> 1) You may not be waiting long enough, It can take minutes for DNS
> resolution to give up or for conection attempts to fail. Try
> connTest("http://imaginary.example.com") and see what result you get and
> how long it takes.
That's interesting. My problem is solved now so it doesn't matter,
but how do IE and Firefox handle this delay? When I type an invalid
address into a browser, I get an error very quickly.
> 2) Your exception handling discards all the useful information in the
> exception. I'd at least print e.getMessage() or a stack trace.
Yes, I know that. I handle different error types in my real program,
but I wanted to post something bare-bones online.
Anyway, the code wasn't reaching the "catch" block -- it was just
stopping dead. So having a descriptive message wouldn't have helped.
> 3) Popular free services (like Google) often take measures to prevent
> use of their normal HTTP service by anything other than a human clicking
> a web-browser.
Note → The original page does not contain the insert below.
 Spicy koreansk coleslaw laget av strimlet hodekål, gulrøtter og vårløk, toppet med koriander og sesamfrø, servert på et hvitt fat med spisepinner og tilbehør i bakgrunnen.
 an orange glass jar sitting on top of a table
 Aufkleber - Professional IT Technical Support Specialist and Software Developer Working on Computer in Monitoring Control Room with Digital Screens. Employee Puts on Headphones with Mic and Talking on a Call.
Sometimes they have an API and a registration process for
> software authors. Maybe Digg is even more intolerant than Google of what
> they perceive as inappropriate use?
That is interesting, and probably explains why I had to enter an agent
to my code.
One worry recently occurred to me. I'm planning to do a long-term data
analysis project for grad school, where I'm basically sucking data off
of popular web 2.0 sites like Digg and then doing data mining on them
to learn about interesting trends.
I wonder, how much risk is there that someone at these sites will
notice some non-standard usage, and then decide to block me?
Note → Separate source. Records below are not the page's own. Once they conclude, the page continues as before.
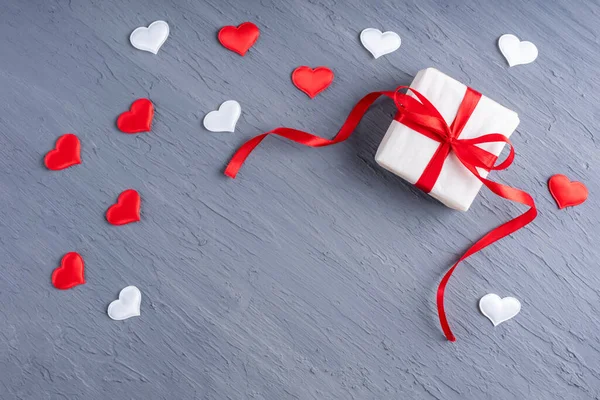 Gift in white paper with red ribbon, white and red heart shape on stylish gray grunge background, copy space — Stock Photo, Image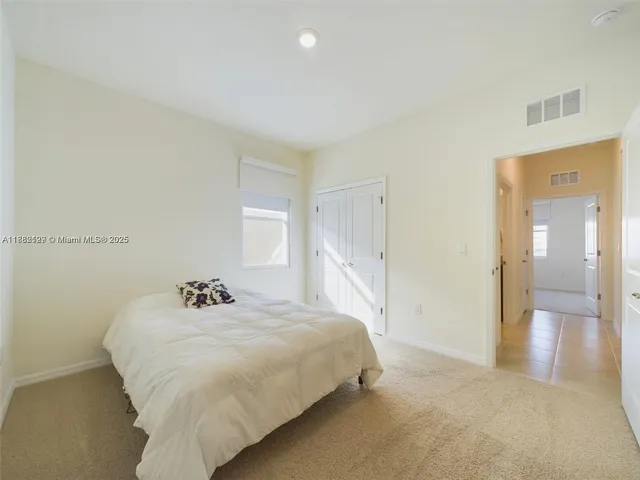 a bedroom with a bed and a cabinets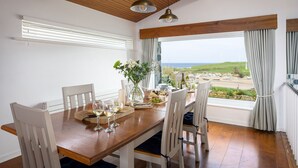 A dining area with a wooden table, white chairs, and a view of the sea.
Gordon Beaton - 17 Apr 2007 08:06 GMT
> One worry recently occurred to me. I'm planning to do a long-term
> data analysis project for grad school, where I'm basically sucking
[quoted text clipped - 3 lines]
> I wonder, how much risk is there that someone at these sites will
> notice some non-standard usage, and then decide to block me?
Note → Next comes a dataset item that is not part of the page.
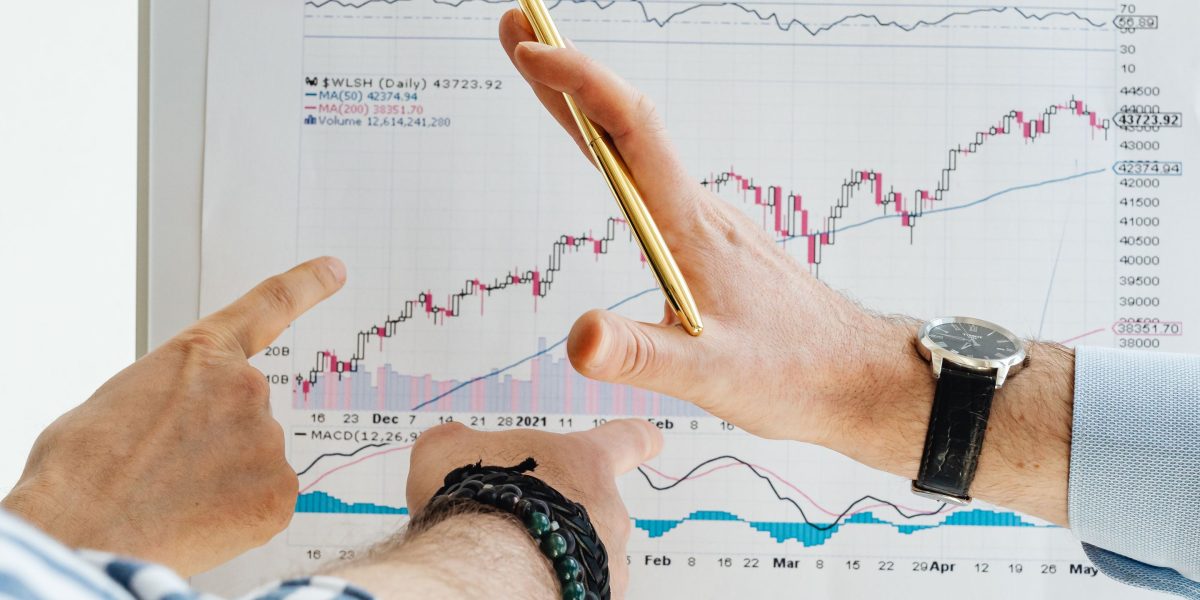 A person contemplating their investment goals, weighing the pros and cons of capital growth versus steady rental yield.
If your tool behaves like a standard webcrawler, there should be no
issues. However that means respecting things like robots.txt and other
mechanisms webcrawlers are expected to obey.
Some information here:
http://www.robotstxt.org/wc/robots.html
http://www.robotstxt.org/wc/guidelines.html
http://en.wikipedia.org/wiki/Robots_Exclusion_Standard
http://en.wikipedia.org/wiki/Spider_trap
http://en.wikipedia.org/wiki/Web_Crawler
/gordon
--
Ian Wilson - 17 Apr 2007 10:23 GMT
> One worry recently occurred to me. I'm planning to do a long-term data
> analysis project for grad school, where I'm basically sucking data off
[quoted text clipped - 3 lines]
> I wonder, how much risk is there that someone at these sites will
> notice some non-standard usage, and then decide to block me?
I think the polite thing to do would be to tell them what you plan to do
and ask them if they have any objections.
I guess you already read their terms and conditions of use? It sounds to
me like you should be using their RSS feeds rather than "sucking" HTML
pages.
"8 with the exception of accessing RSS feeds, you will not use any
robot, spider, scraper or other automated means to access the Site for
any purpose without our express written permission. Additionally, you
agree that you will not: (i) take any action that imposes, or may impose
in our sole discretion an unreasonable or disproportionately large load
on our infrastructure; (ii) interfere or attempt to interfere with the
proper working of the Site or any activities conducted on the Site; or
(iii) bypass any measures we may use to prevent or restrict access to
the Site;"
Have you briefed your School's legal team yet :-)